Data shown —
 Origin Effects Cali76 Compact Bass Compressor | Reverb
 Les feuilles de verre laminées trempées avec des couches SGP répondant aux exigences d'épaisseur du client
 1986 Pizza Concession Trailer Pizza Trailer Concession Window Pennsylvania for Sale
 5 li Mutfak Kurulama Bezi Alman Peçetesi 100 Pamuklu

* * *

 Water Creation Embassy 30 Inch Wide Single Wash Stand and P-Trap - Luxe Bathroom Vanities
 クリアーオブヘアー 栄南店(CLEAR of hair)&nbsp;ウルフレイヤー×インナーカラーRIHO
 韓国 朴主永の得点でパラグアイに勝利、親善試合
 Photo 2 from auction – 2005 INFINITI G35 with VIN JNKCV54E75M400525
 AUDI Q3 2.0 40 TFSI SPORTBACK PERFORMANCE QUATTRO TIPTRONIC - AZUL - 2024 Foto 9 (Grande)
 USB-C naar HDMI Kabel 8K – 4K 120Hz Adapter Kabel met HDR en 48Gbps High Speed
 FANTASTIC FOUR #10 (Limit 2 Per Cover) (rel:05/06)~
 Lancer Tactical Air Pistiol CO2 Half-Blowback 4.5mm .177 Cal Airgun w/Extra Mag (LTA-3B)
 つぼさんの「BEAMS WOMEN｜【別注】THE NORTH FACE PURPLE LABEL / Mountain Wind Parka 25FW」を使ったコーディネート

What the task requires —
Lines to set down from above: the line with "Origin Effects Cali76", the line with "5 li Mutfak", and every line between, each exactly as written.

Completed task —
 Origin Effects Cali76 Compact Bass Compressor | Reverb
 Les feuilles de verre laminées trempées avec des couches SGP répondant aux exigences d'épaisseur du client
 1986 Pizza Concession Trailer Pizza Trailer Concession Window Pennsylvania for Sale
 5 li Mutfak Kurulama Bezi Alman Peçetesi 100 Pamuklu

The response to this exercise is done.